Introduction
Fifth generation (5G) networks are anticipated to support exponential increase in mobile traffic, significant reduction in latency, diverse range of applications, and massively connected devices [1]. In addition, 5G networks are expected to be energy-efficient and cost effective. Industrial assessment insist that in 5G networks, the data rate should be 10–20 times more than the peak data rate in 4G [2]. With extensive research in this direction, 5G networks are envisioned to meet the targets for next generation wireless networks by 2020 and beyond [3]. However, there are certain challenges associated with the successful deployment of 5G systems. For example, more spectrum is required in order to increase capacity or efficient utilization of spectrum must be ensured by using unlicensed bands (e.g., LTE-Unlicensed, use of TV white space through cognitive radio technologies) [4]. Furthermore, spectrum should be reused by deploying small cells or by accommodating multiple users on the same frequency channel. Fig. 1 shows key technologies for 5G networks for spectrum management (e.g., non-orthogonal multiple access (NOMA) [5]–[7], full duplex [8], spectrum sharing [9]–[11], and new waveform [12]), infrastructure (e.g., cloud-radio access network [13] and software-defined networks [14]). In addition, joint spectrum and energy efficient design, multi-radio access network, and flexible and efficient physical layer can certainly enhance the performance of 5G networks [15], [16].

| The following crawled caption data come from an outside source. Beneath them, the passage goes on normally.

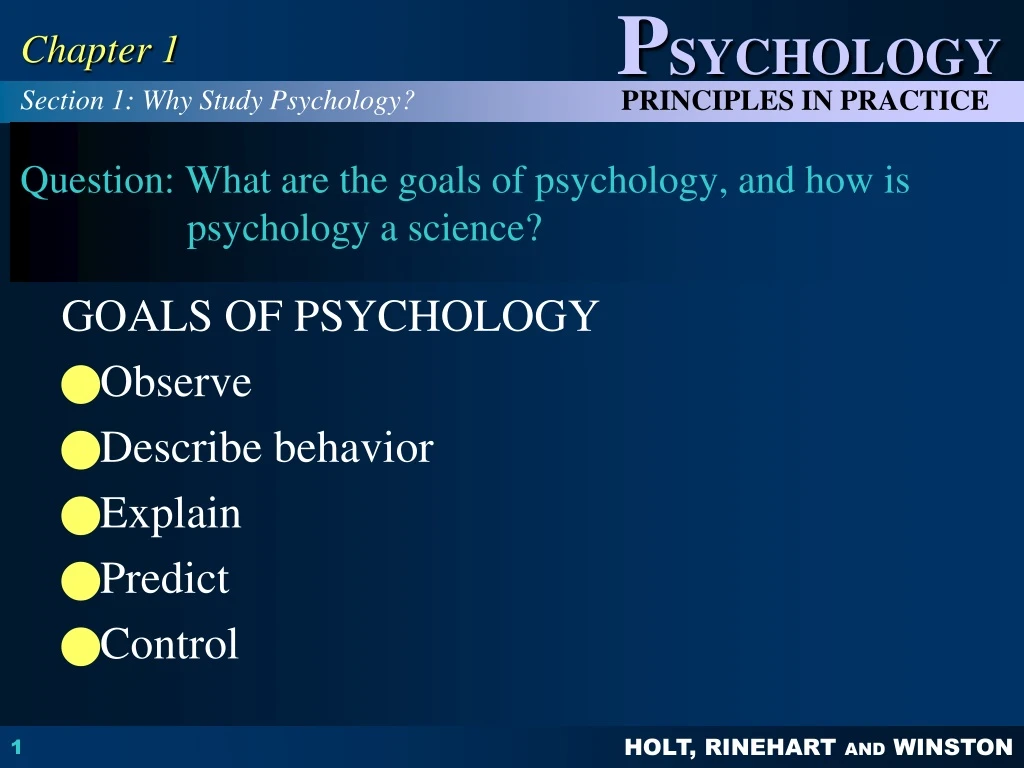question what are the goals of psychology and how is psychology a science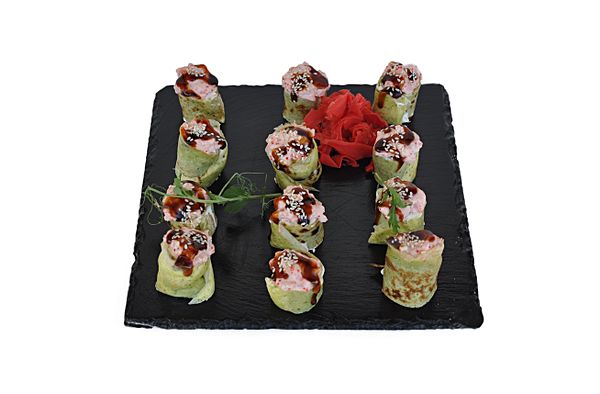 Шпинатные блины с креветкой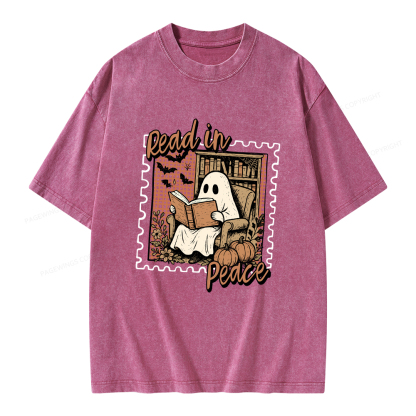 Pagewings Read In Peace Unisex Washed T-shirt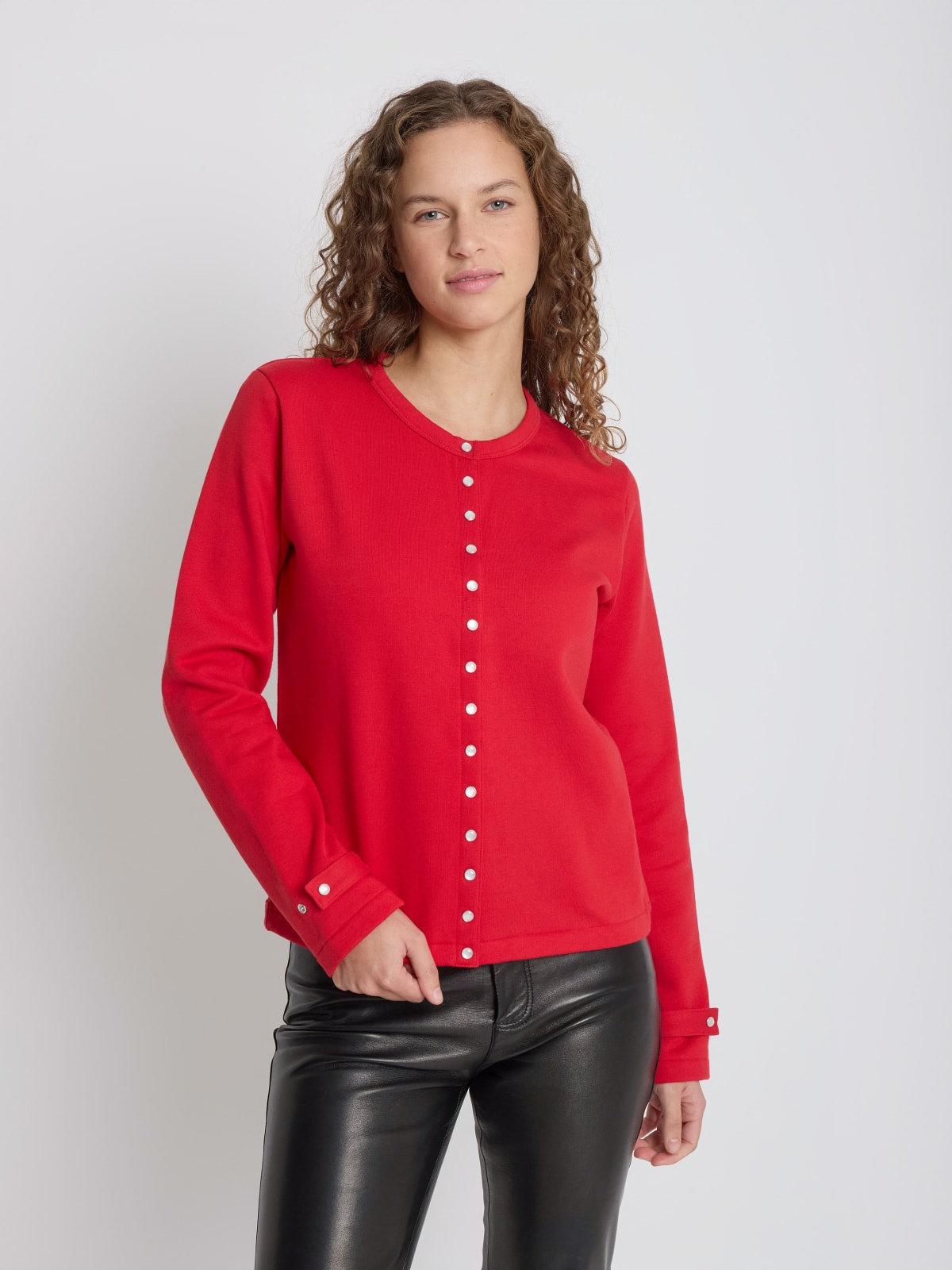 red cotton fleece snap Rosan cardigan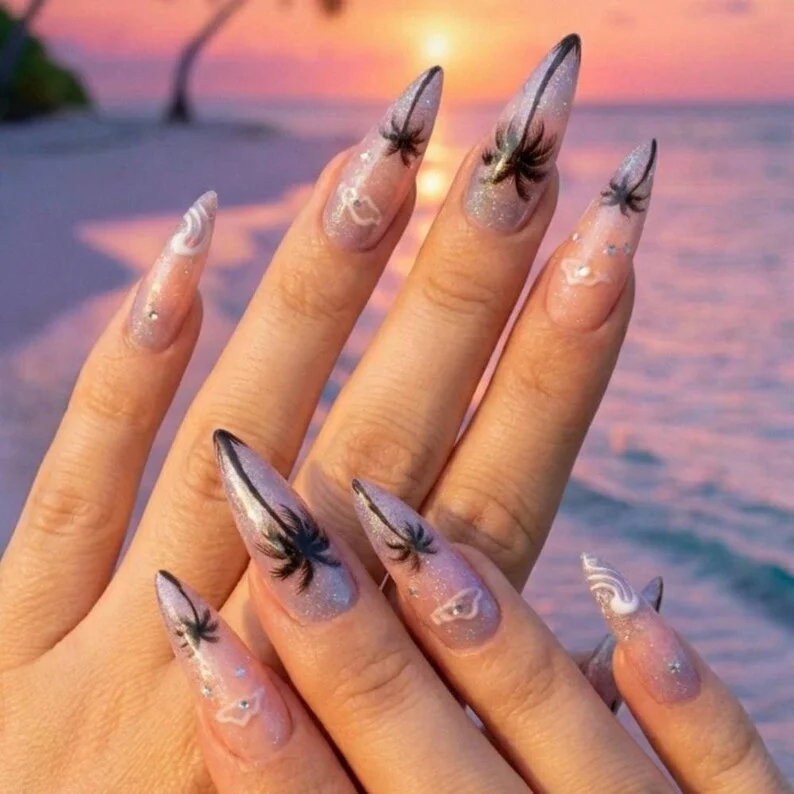 palm tree design, tropical nails, press on nails, custom press on nails, fake nails, Nails Art, stained glass nails, gold press on nails, 3d press on nails, luxury press on nails, handmade press on nails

Channel access techniques play a pivotal role in providing effective communication to mobile users in wireless networks. For example, orthogonal frequency division multiple access (OFDMA) proved to be beneficial in 4G wireless networks. However, number of resource blocks put a constraint on the maximum number of users supported [7]. Recently, NOMA is investigated to fulfill spectrum demands of 5G networks [5]. In contrast to OFDMA, NOMA allows multiple users on the same resource block in the same cell while exploiting channel gain differences of multiple users. At receiver, successive interference cancellation (SIC) is used for decoding message signals [6]. Although NOMA provides high spectral efficiency and better connectivity at the cost of increased receiver complexity [7].
On the other hand, energy harvesting is considered as a promising solution to address the energy issues in 5G networks. The idea of energy harvesting is to gather energy from sources present in the surrounding including RF signals, solar, and wind [17]. In RF energy harvesting, users can harvest from ambient RF sources such as base station signals. Thus, allocation of time for information transfer along with energy harvesting has attracted attention of many researchers [18]. For example, Nasir et al. [19] have implemented a energy harvesting relay which is based on time switching and power splitting relaying. Diamantoulakis et al. [20] investigated time allocation methods with NOMA in uplink communication system to improve the throughput of all users. Another approach executed by Liu et al. [21] to prepare energy harvesting relays from NOMA users located near the base stations in order to help the users that are at a distance.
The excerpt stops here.